▸ WHAT YOU WILL DO:
Search the records for the line with "Fototapeta Funny euphoric". Output that line and each line after it, exactly, and stop at the end; omit pictures.

[Stored dataset items]
***

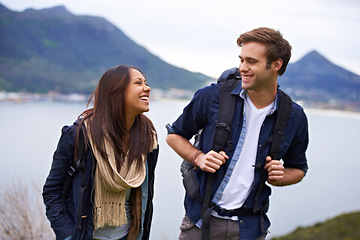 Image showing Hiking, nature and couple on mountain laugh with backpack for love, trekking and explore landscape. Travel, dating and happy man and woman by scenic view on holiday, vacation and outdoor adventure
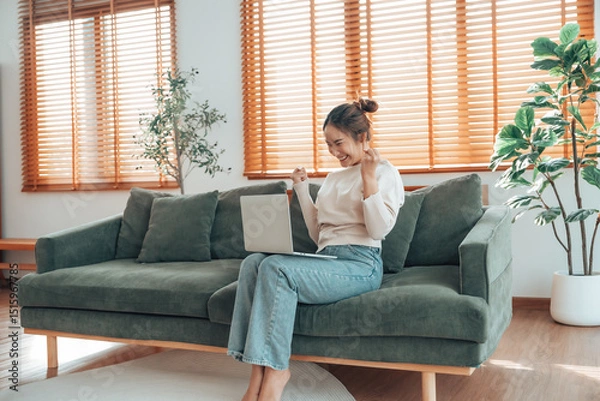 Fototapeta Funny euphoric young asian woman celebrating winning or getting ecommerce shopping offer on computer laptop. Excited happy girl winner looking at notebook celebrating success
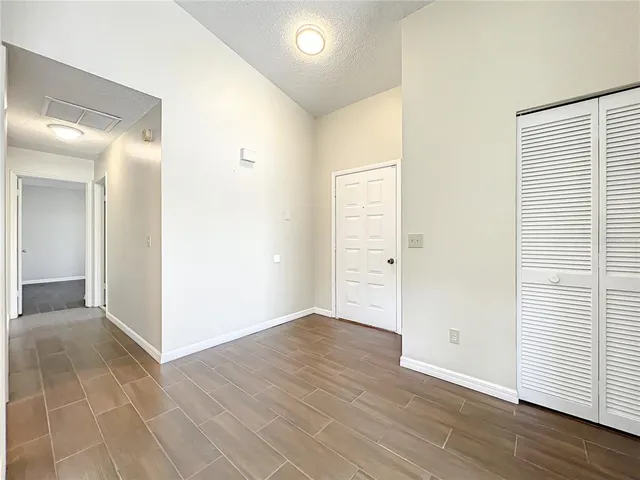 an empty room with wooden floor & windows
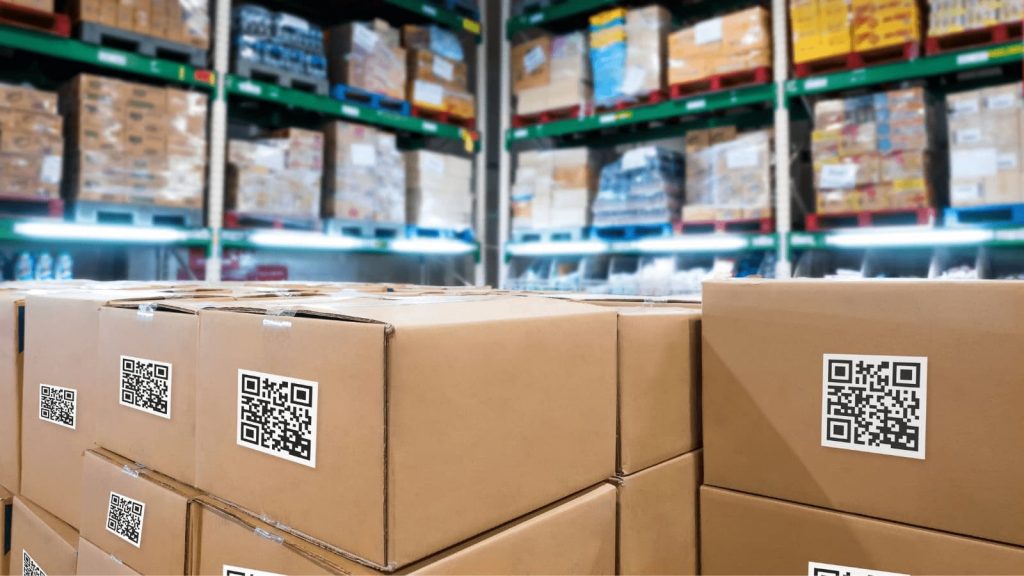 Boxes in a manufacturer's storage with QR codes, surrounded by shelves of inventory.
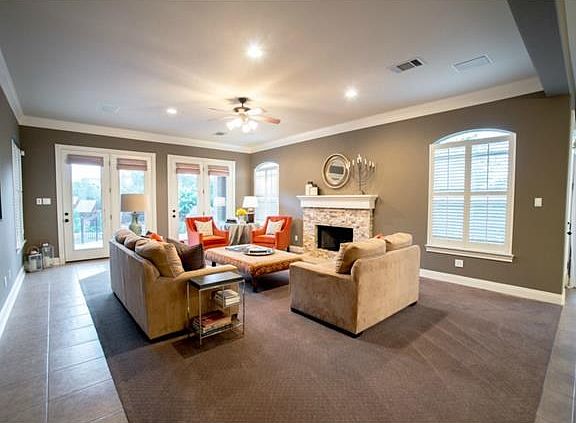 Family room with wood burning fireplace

***

▸ PROBLEM SOLUTION:
 Fototapeta Funny euphoric young asian woman celebrating winning or getting ecommerce shopping offer on computer laptop. Excited happy girl winner looking at notebook celebrating success
 an empty room with wooden floor & windows
 Boxes in a manufacturer's storage with QR codes, surrounded by shelves of inventory.
 Family room with wood burning fireplace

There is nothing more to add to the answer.